Inclination- and dust-corrected galaxy parameters: Bulge-to-disc ratios and size-luminosity relations

TL;DR

This paper develops methods to correct galaxy parameters for dust and inclination effects, providing intrinsic measurements of bulge and disc properties, and analyzes their relations across galaxy types.

Contribution

It introduces simple correction equations for dust and inclination effects on galaxy parameters and compiles intrinsic bulge and disc properties across galaxy types.

Findings

Derived dust-corrected galaxy parameters in multiple passbands.

Provided intrinsic bulge-to-disc flux ratios as a function of galaxy type.

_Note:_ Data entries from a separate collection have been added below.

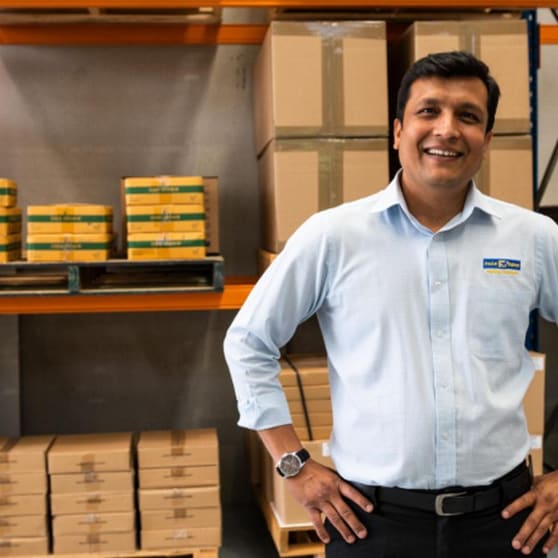 1st Year Customer Lead Guarantee, 5-Star Rated Franchise System in Mayfield, NSW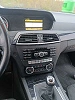 Mercedes-Benz Classe C IV SW 200 D SPORTLINE thumbnail
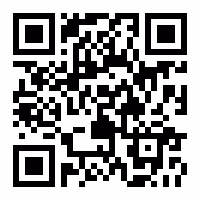 Item #113825078513085982764389680626542305449575414305441991972331363314844687138817 Media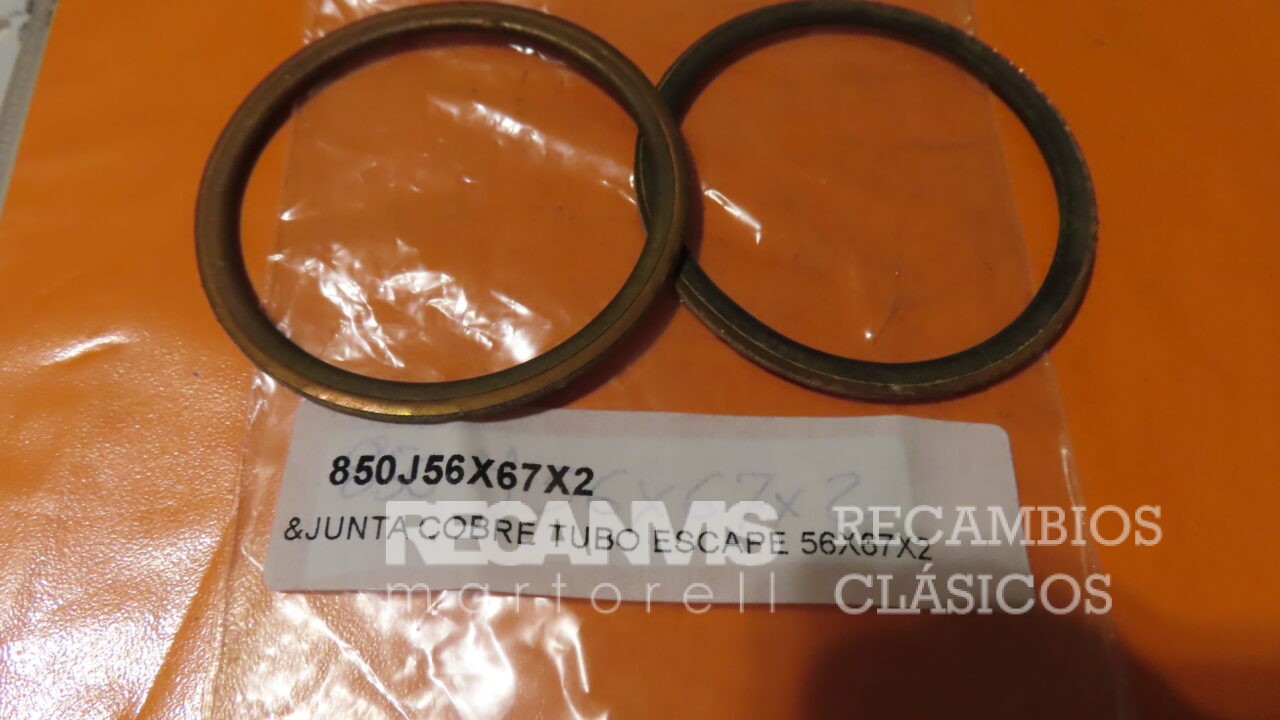 850J56X67X2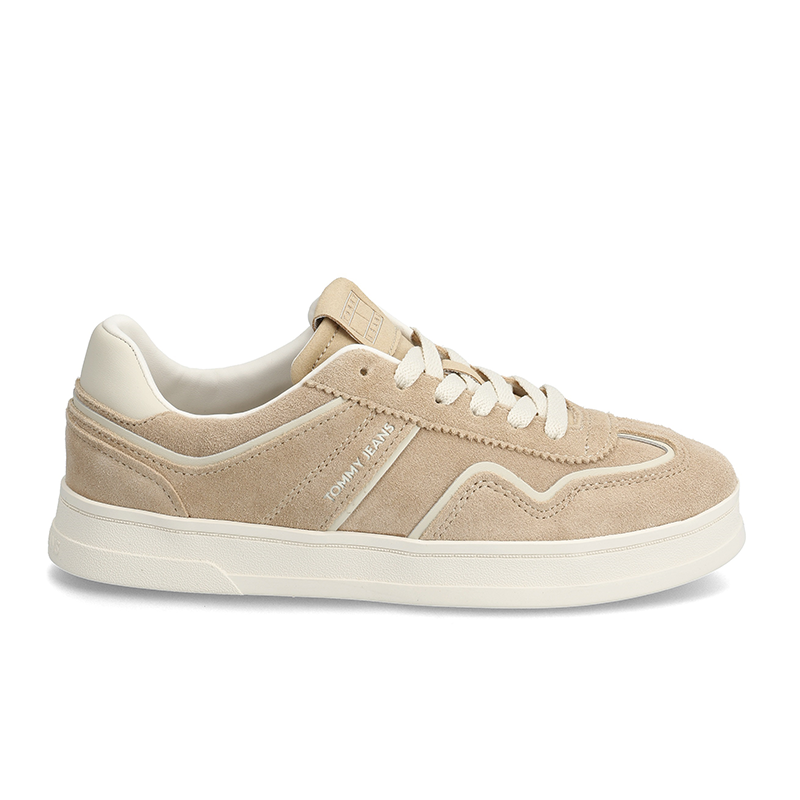 Tommy Hilfiger GREENWICH Sneakers Women #TWS04
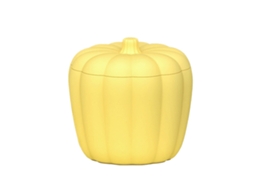 Molde de Silicone XGF Amarelo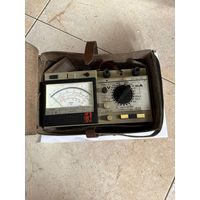 Измерительный прибор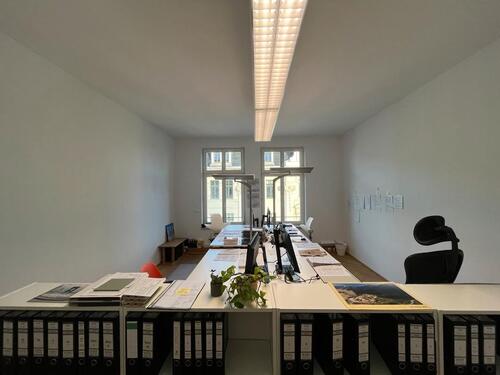 Foto - andere in Leipzig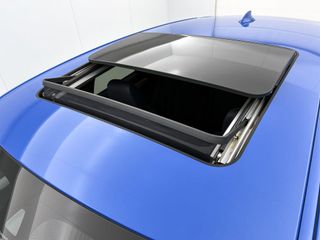 Voertuigafbeelding 38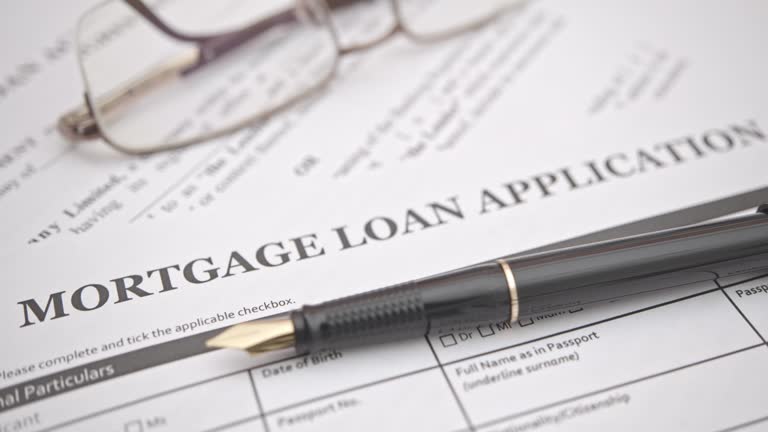 Best Hard Money Loans  in Carrboro, NC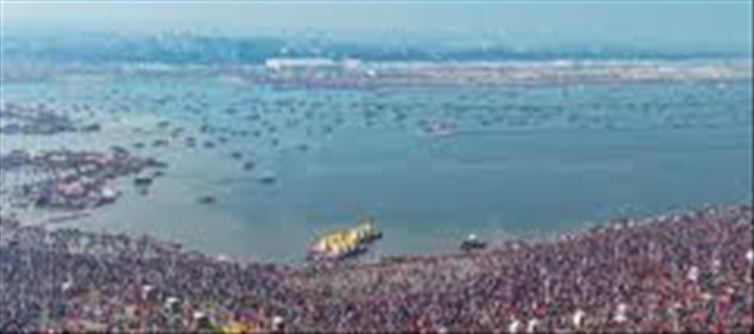 Maha Kumbh 2025: Critical Tips For Storing Gangajal At Home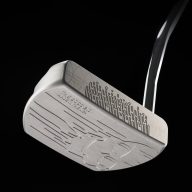 Swag Golf The Boss 2.0 Naked Putter, view 1 of 3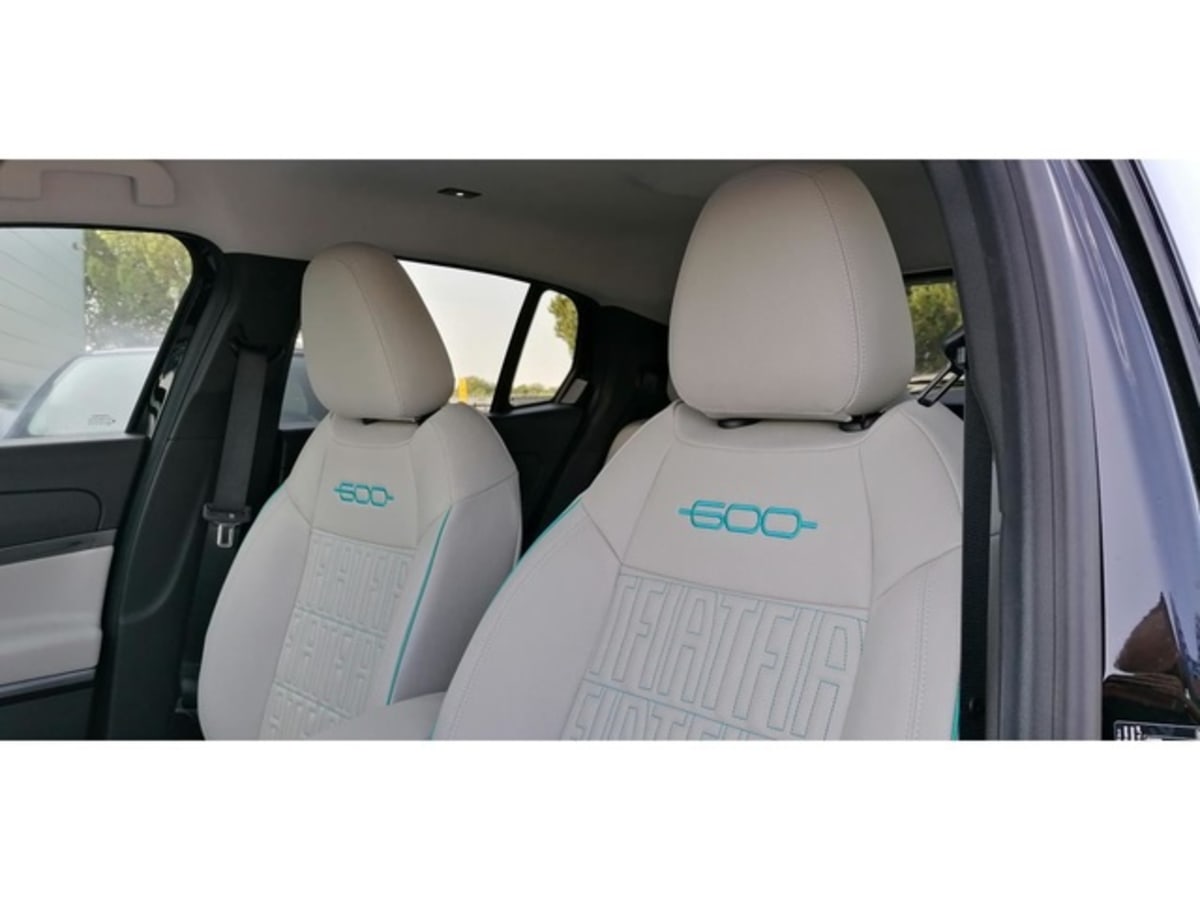 387151_p2 - FIAT - 600 - 2026 - photo 4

Revealed non-linear luminosity-size relation for elliptical galaxies.

Abstract

While galactic bulges may contain no significant dust of their own, the dust within galaxy discs can strongly attenuate the light from their embedded bulges. Furthermore, such dust inhibits the ability of observationally-determined inclination corrections to recover intrinsic (i.e. dust free) galaxy parameters. Using the sophisticated 3D radiative transfer model of Popescu et al. and Tuffs et al., together with Driver et al.'s recent determination of the average face-on opacity in nearby disc galaxies, we provide simple equations to correct (observed) disc central surface brightnesses and scalelengths for the effects of both inclination and dust in the B, V, I, J and K passband. We then collate and homogenise various literature data sets and determine the typical intrinsic scalelengths, central surface brightnesses and magnitudes of galaxy discs as a function of morphological type. All galaxies have been carefully modelled in their respective papers with a Sersic bulge plus an exponential disc. Using the bulge magnitude corrections from Driver et al., we additionally derive the average, dust-corrected, bulge-to-disc flux ratio as a function of galaxy type. With values typically less than 1/3, this places somewhat uncomfortable constraints on some current semi-analytic simulations. Typical bulge sizes, profile shapes, surface brightnesses and deprojected densities are provided. Finally, given the two-component nature of disc galaxies, we present luminosity-size and (surface brightness)-size diagrams for discs and bulges. We also show that the distribution of elliptical galaxies in the luminosity-size diagram is not linear but strongly curved.